People who text or read on their phones while walking are less likely to look at their surroundings, keep their balance or walk in a straight line, researchers found.
Researchers from Australia's University of Queensland studied the effect of mobile phone use on body movement while walking in 26 healthy individuals.
Each person walked at a comfortable pace in a straight line over a distance of approximately 8.5 metres while doing one of three tasks: walking without the use of a phone, reading text on a mobile phone, or typing text on a mobile phone.
The body's movement was evaluated using a three-dimensional movement analysis system.
Texting, and to a lesser extent reading, modified the body's movement while walking.
In comparison with normal walking, when participants were writing text, participants walked slower, deviated more from a straight line and moved their neck less than when reading text.

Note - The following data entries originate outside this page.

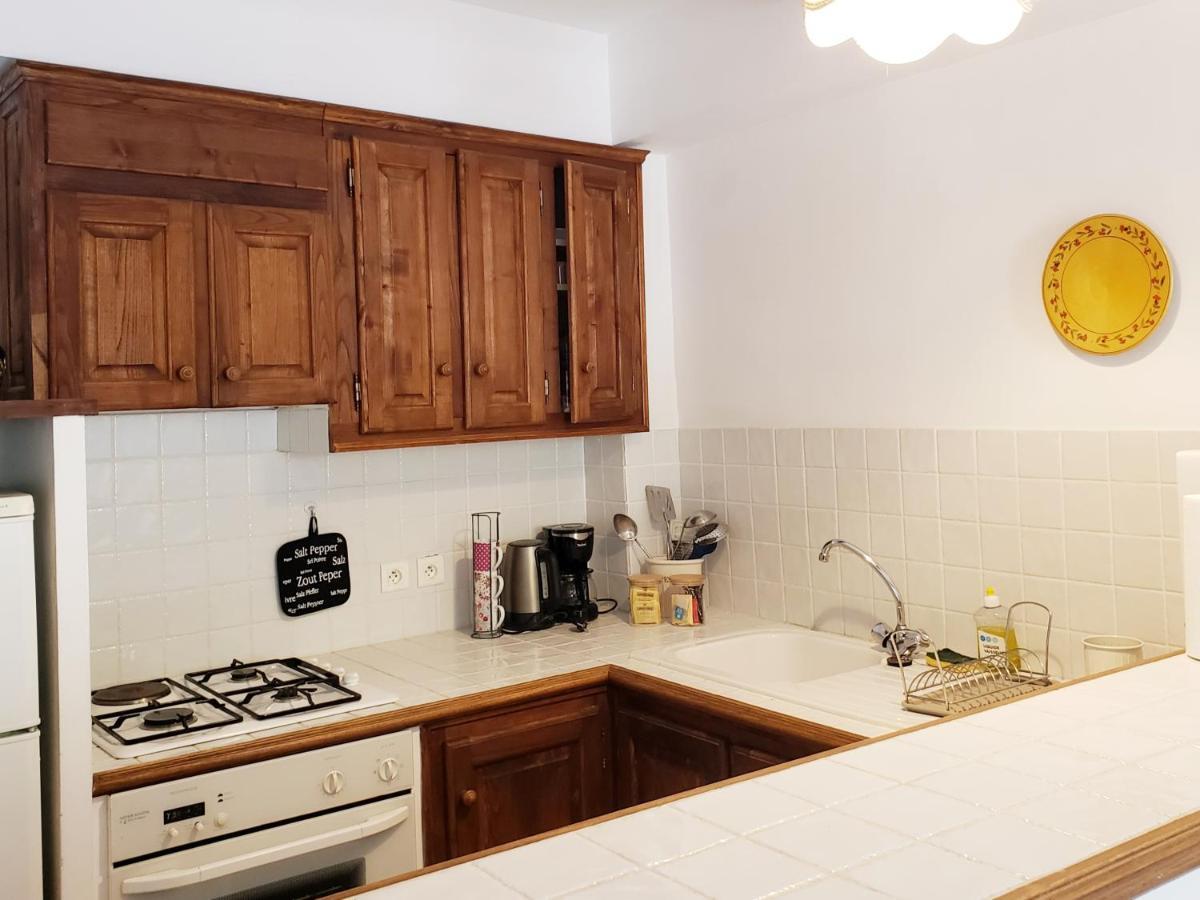 Appartement Au Coeur De Cassis Avec Jardin Luaran gambar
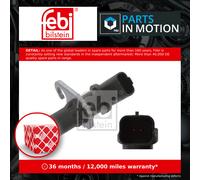 RPM / Crankshaft Sensor fits PEUGEOT PARTNER 1.9D 96 to 15 WJY(DW8B) 19208S Febi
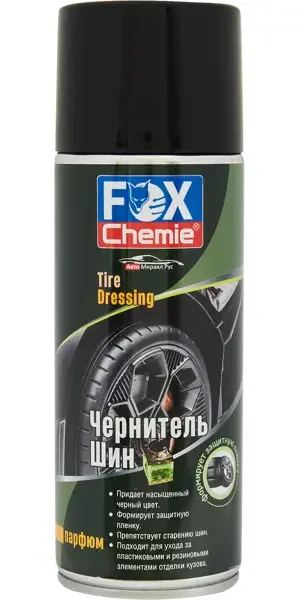 Чернитель шин Fox Chemie, 520 мл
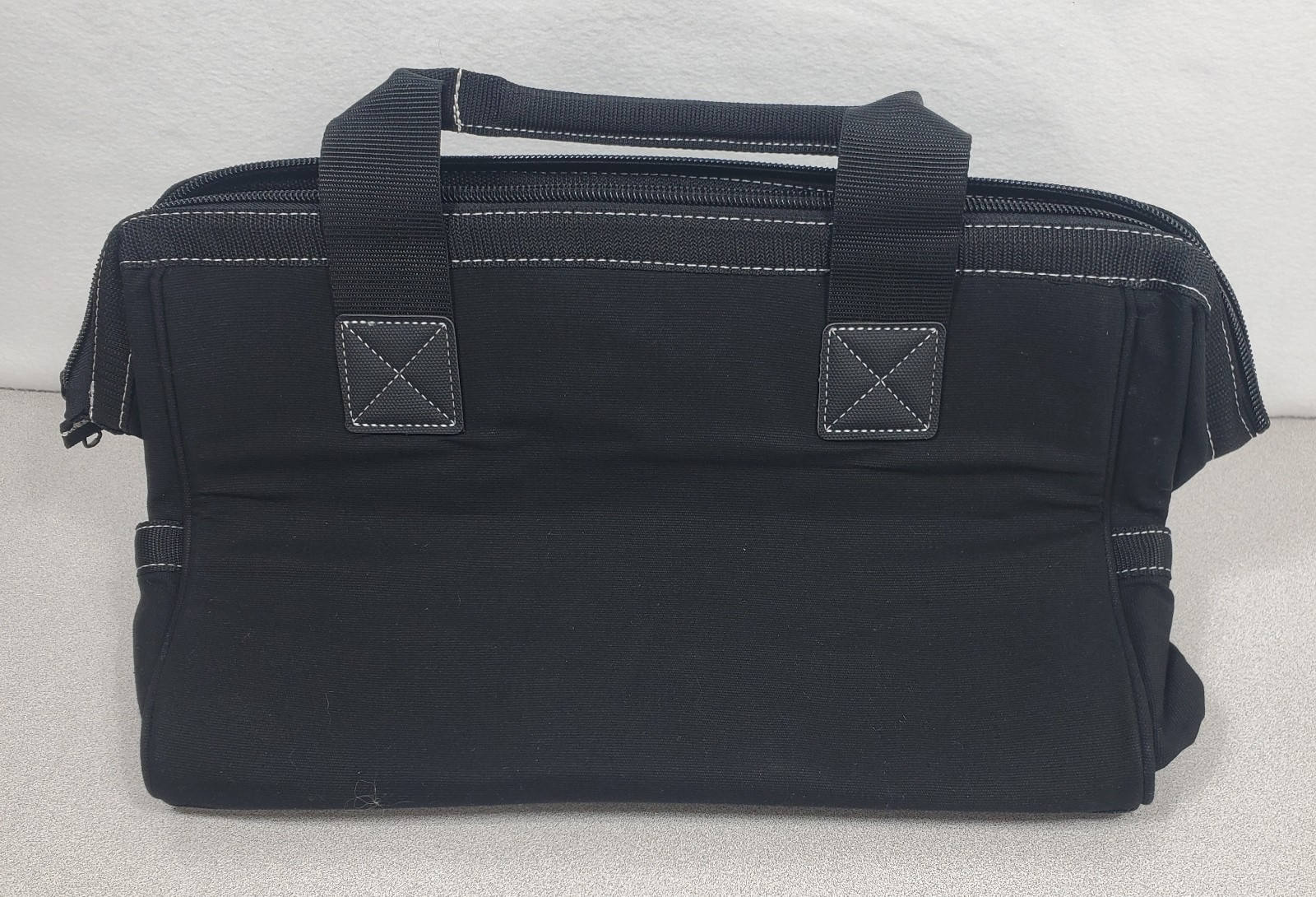 Work Tool Bag 16 inch 7 Pocket Black Dickies 57085 Brand New With Tag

Although the arms and head moved with the chest to reduce relative motion of the phone and facilitate reading and texting, movement of the head increased, which could negatively impact the balance system.
Texting or reading on a mobile phone may pose an additional risk to safety for pedestrians navigating obstacles or crossing the road, researchers said.
"Texting, and to a lesser extent reading, on your mobile phone affects your ability to walk and balance. This may impact the safety of people who text and walk at the same time," said Siobhan M Schabrun, lead author of the study.The study was published in the journal PLOS ONE.